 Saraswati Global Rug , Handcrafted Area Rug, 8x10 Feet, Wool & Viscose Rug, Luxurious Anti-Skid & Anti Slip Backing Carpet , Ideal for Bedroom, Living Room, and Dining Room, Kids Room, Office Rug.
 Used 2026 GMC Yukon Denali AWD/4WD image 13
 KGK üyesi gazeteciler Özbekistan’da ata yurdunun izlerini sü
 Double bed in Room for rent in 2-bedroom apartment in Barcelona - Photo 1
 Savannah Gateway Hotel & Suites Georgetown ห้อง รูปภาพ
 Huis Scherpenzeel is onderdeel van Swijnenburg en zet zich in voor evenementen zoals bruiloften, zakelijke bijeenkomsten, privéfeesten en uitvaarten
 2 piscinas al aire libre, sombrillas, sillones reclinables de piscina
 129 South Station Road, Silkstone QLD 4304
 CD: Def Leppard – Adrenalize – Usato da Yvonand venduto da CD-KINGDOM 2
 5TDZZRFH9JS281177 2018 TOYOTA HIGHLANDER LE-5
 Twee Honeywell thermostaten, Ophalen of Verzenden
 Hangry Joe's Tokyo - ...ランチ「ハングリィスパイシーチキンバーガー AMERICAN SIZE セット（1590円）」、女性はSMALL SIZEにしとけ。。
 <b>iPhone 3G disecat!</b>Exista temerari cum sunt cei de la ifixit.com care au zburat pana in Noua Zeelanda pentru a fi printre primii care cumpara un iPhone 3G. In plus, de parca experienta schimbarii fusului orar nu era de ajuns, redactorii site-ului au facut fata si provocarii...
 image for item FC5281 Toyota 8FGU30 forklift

### ACTIVITY
Set down the material exactly, keeping every line.

### OUTPUT
 Saraswati Global Rug , Handcrafted Area Rug, 8x10 Feet, Wool & Viscose Rug, Luxurious Anti-Skid & Anti Slip Backing Carpet , Ideal for Bedroom, Living Room, and Dining Room, Kids Room, Office Rug.
 Used 2026 GMC Yukon Denali AWD/4WD image 13
 KGK üyesi gazeteciler Özbekistan’da ata yurdunun izlerini sü
 Double bed in Room for rent in 2-bedroom apartment in Barcelona - Photo 1
 Savannah Gateway Hotel & Suites Georgetown ห้อง รูปภาพ
 Huis Scherpenzeel is onderdeel van Swijnenburg en zet zich in voor evenementen zoals bruiloften, zakelijke bijeenkomsten, privéfeesten en uitvaarten
 2 piscinas al aire libre, sombrillas, sillones reclinables de piscina
 129 South Station Road, Silkstone QLD 4304
 CD: Def Leppard – Adrenalize – Usato da Yvonand venduto da CD-KINGDOM 2
 5TDZZRFH9JS281177 2018 TOYOTA HIGHLANDER LE-5
 Twee Honeywell thermostaten, Ophalen of Verzenden
 Hangry Joe's Tokyo - ...ランチ「ハングリィスパイシーチキンバーガー AMERICAN SIZE セット（1590円）」、女性はSMALL SIZEにしとけ。。
 <b>iPhone 3G disecat!</b>Exista temerari cum sunt cei de la ifixit.com care au zburat pana in Noua Zeelanda pentru a fi printre primii care cumpara un iPhone 3G. In plus, de parca experienta schimbarii fusului orar nu era de ajuns, redactorii site-ului au facut fata si provocarii...
 image for item FC5281 Toyota 8FGU30 forklift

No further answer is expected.